_EXERCISE DIRECTIONS_. Of the lines below, copy those that hold the word "Grand".

(Items from a data source)
.....

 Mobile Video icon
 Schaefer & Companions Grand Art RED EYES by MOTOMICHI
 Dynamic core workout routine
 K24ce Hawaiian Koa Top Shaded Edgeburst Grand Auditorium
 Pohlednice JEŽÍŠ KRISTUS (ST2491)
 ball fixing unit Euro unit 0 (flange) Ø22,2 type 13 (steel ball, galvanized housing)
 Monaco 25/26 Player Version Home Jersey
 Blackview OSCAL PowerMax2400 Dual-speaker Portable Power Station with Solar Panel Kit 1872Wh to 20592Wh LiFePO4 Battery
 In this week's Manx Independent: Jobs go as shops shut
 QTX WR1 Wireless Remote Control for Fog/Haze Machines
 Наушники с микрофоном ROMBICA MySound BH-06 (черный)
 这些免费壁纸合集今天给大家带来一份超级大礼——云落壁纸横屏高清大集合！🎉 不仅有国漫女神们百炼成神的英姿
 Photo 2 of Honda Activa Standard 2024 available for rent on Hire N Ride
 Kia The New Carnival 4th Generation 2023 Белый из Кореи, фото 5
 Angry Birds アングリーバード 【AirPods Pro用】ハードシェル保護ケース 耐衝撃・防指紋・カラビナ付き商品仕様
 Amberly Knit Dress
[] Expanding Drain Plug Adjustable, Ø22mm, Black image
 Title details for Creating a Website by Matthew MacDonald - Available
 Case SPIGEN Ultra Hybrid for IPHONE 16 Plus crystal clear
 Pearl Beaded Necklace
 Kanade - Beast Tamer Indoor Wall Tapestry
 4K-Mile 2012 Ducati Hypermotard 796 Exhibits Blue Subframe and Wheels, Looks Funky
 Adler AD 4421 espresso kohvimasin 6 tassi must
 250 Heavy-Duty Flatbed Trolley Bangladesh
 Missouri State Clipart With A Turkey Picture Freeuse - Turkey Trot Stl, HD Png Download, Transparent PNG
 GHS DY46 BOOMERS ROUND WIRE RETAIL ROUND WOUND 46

.....

_TASK RESPONSE_.
 Schaefer & Companions Grand Art RED EYES by MOTOMICHI
 K24ce Hawaiian Koa Top Shaded Edgeburst Grand Auditorium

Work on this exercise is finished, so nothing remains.